■ BRIEF: Nothing in the copy should be a picture; everything else in the listing is to be restated exactly.

■ EXERCISE DATA:

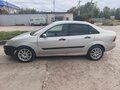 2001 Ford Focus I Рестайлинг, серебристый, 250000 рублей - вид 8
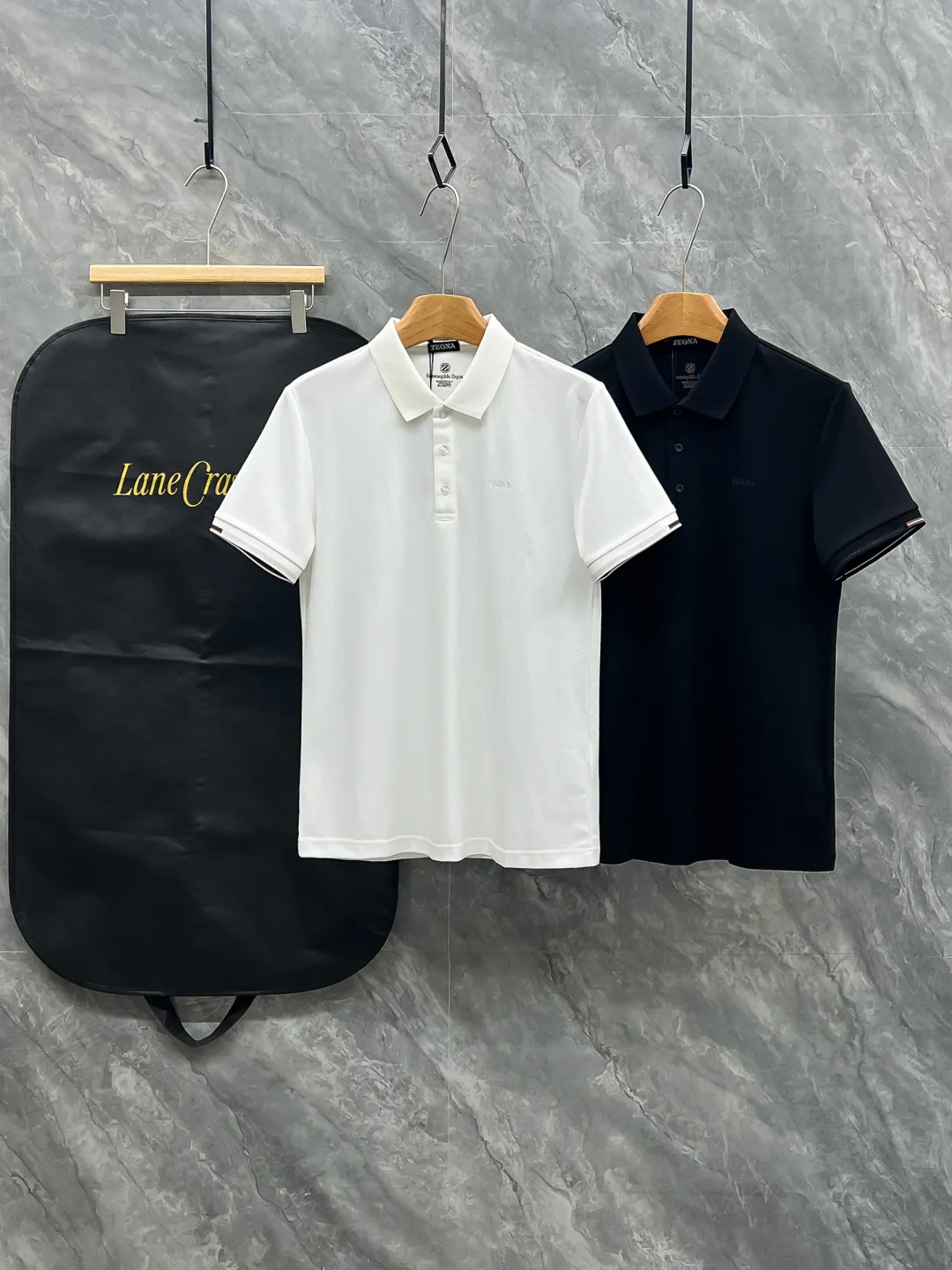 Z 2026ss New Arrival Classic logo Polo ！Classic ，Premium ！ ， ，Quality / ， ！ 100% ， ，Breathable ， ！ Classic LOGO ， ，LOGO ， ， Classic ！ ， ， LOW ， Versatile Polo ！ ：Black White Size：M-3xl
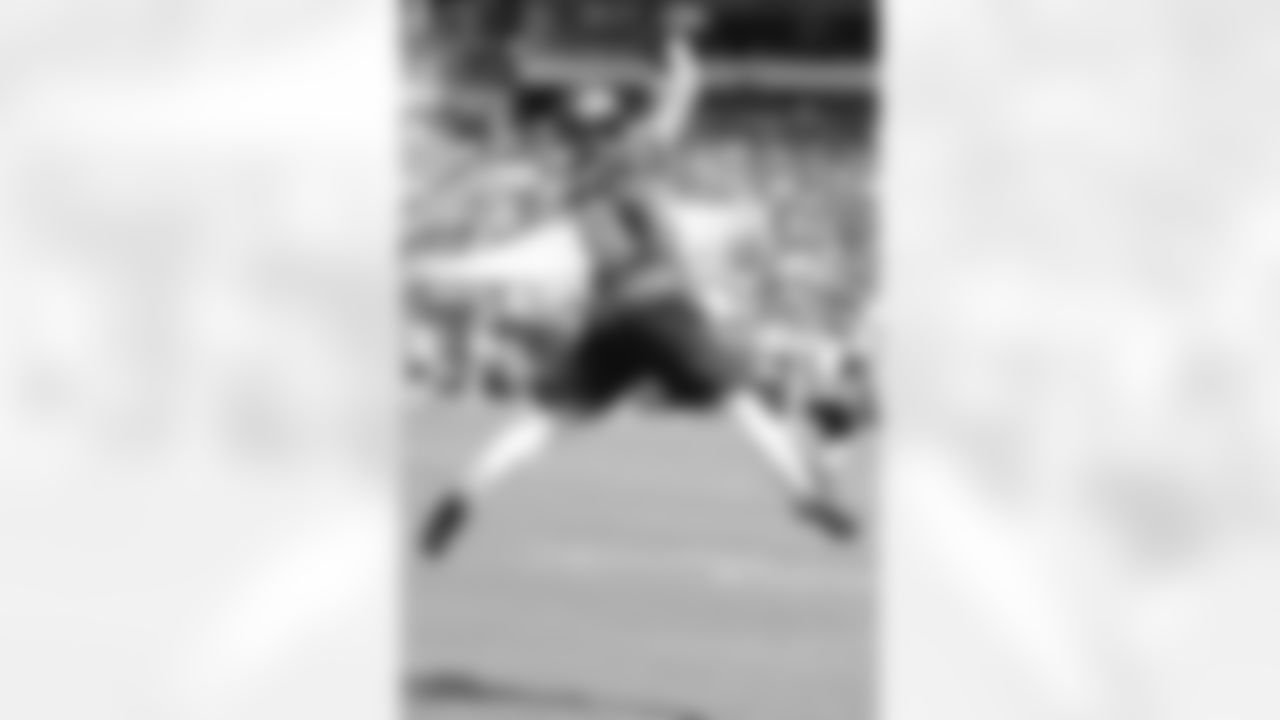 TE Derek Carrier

■ ANSWER SPACE:
 2001 Ford Focus I Рестайлинг, серебристый, 250000 рублей - вид 8
 Z 2026ss New Arrival Classic logo Polo ！Classic ，Premium ！ ， ，Quality / ， ！ 100% ， ，Breathable ， ！ Classic LOGO ， ，LOGO ， ， Classic ！ ， ， LOW ， Versatile Polo ！ ：Black White Size：M-3xl
 TE Derek Carrier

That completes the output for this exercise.